* Work to be completed:
Only the lines from the one with "Chốt danh sách" through the final line below belong in the answer, copied exactly and without pictures.

Records drawn from a dataset:
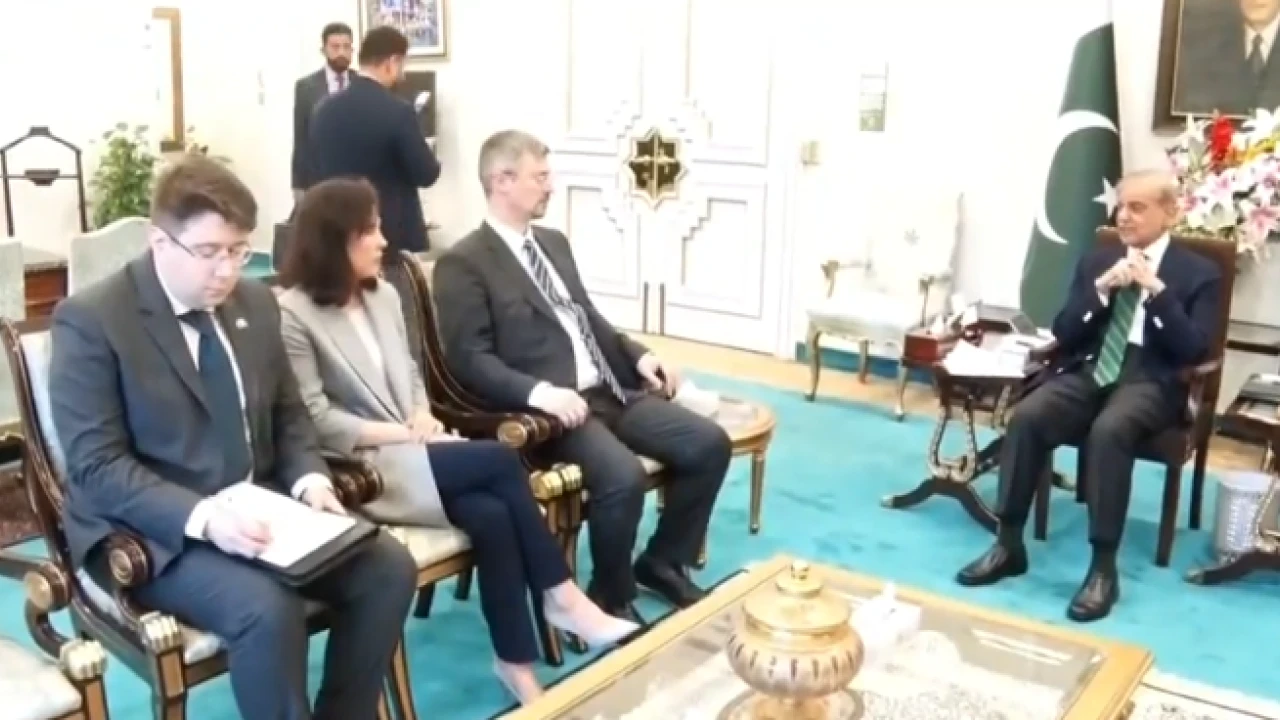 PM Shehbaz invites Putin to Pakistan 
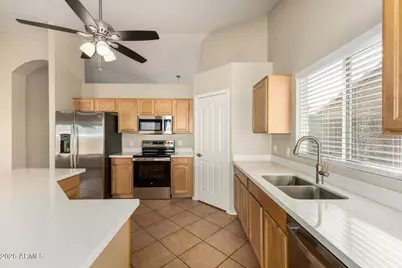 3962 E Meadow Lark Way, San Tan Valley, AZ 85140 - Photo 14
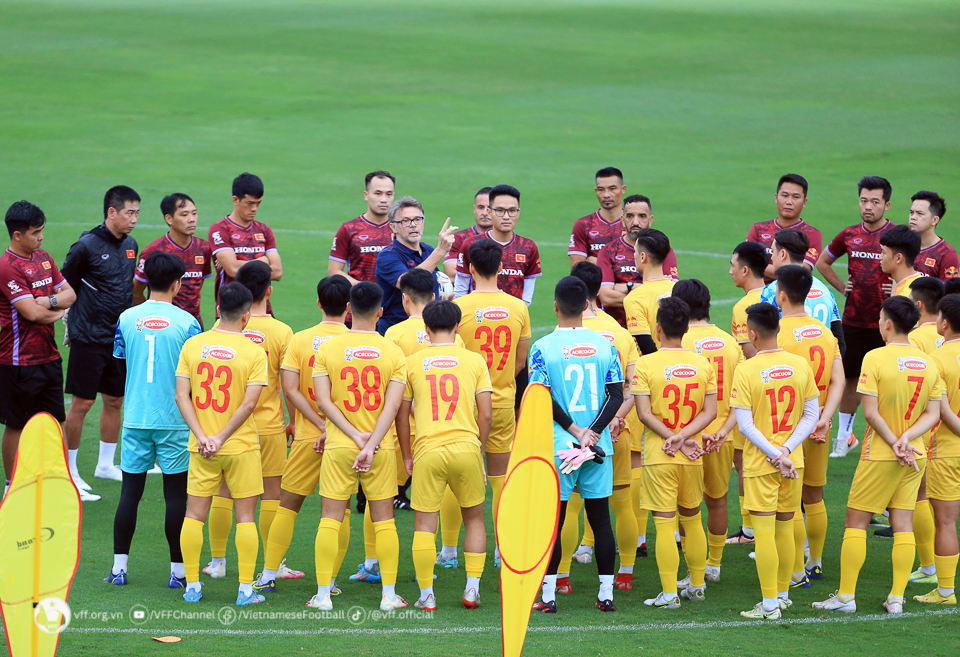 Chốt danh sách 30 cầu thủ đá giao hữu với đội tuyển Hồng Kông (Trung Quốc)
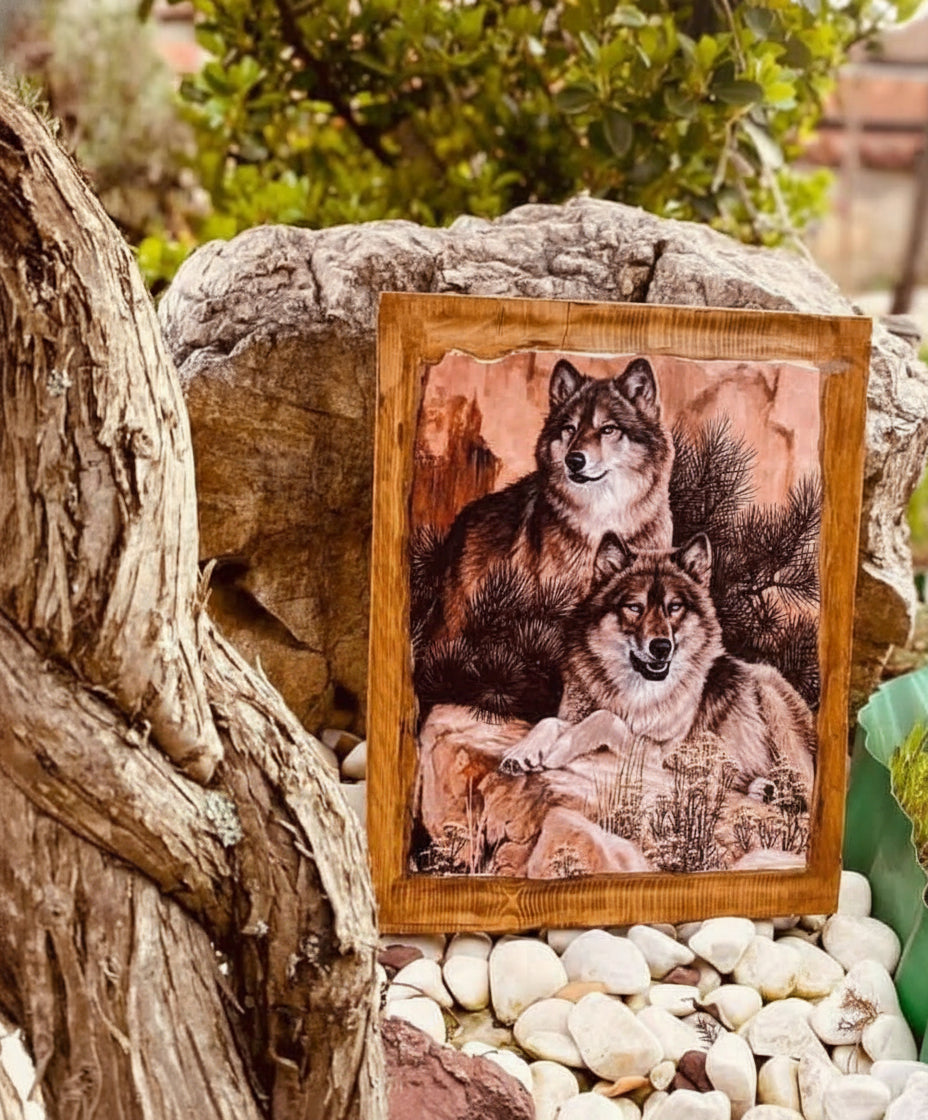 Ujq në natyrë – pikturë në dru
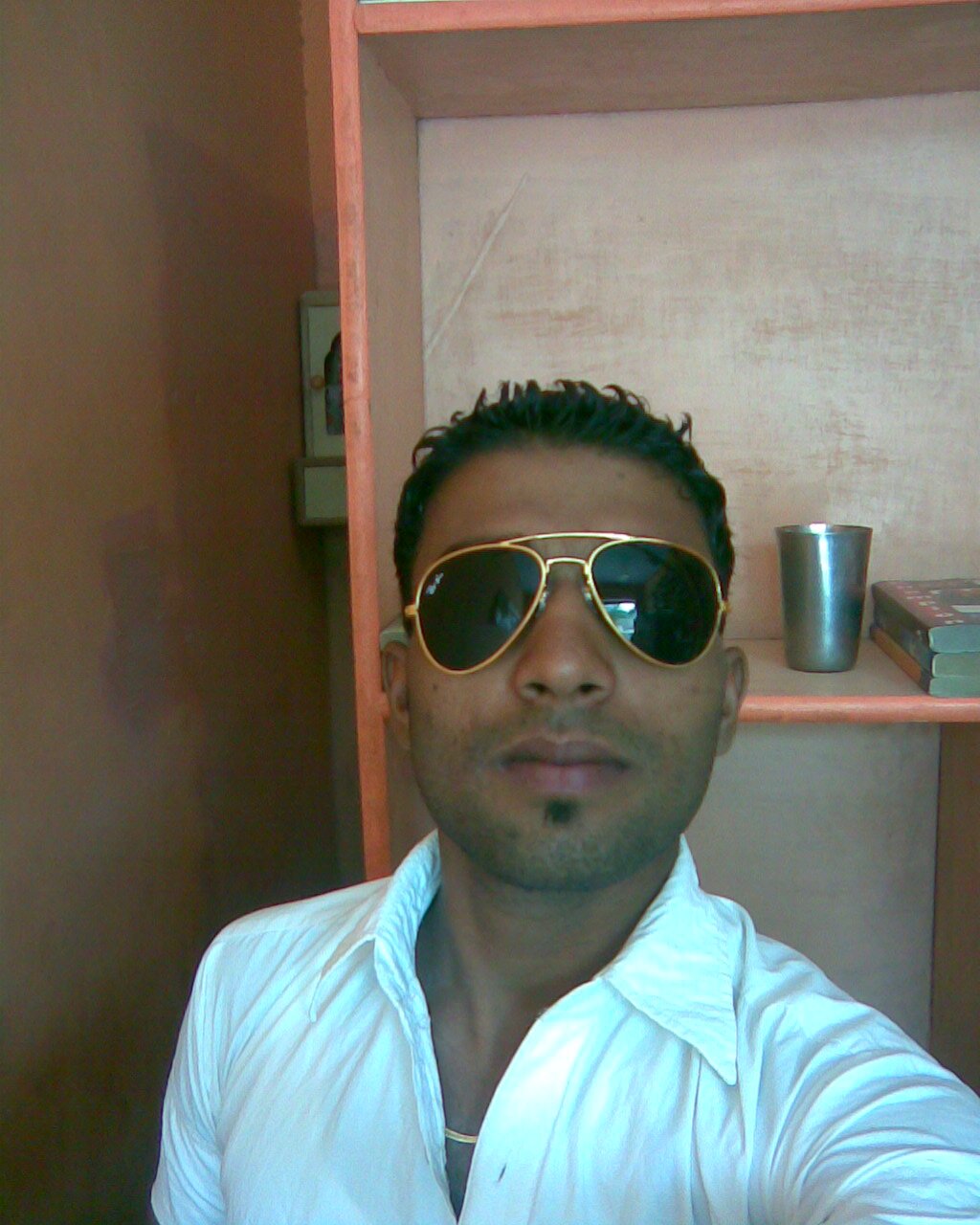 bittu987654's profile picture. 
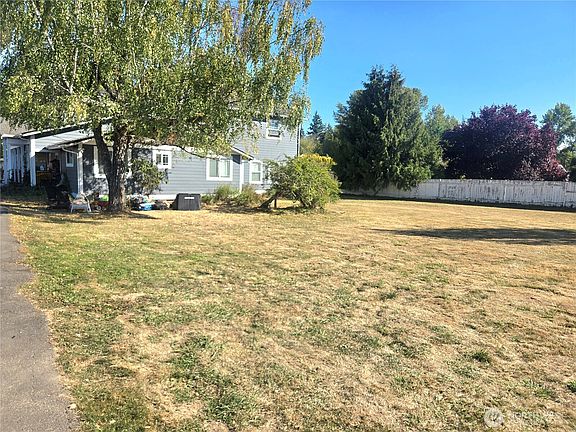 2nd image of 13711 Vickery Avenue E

* Answer section:
 Chốt danh sách 30 cầu thủ đá giao hữu với đội tuyển Hồng Kông (Trung Quốc)
 Ujq në natyrë – pikturë në dru
 bittu987654's profile picture. 
 2nd image of 13711 Vickery Avenue E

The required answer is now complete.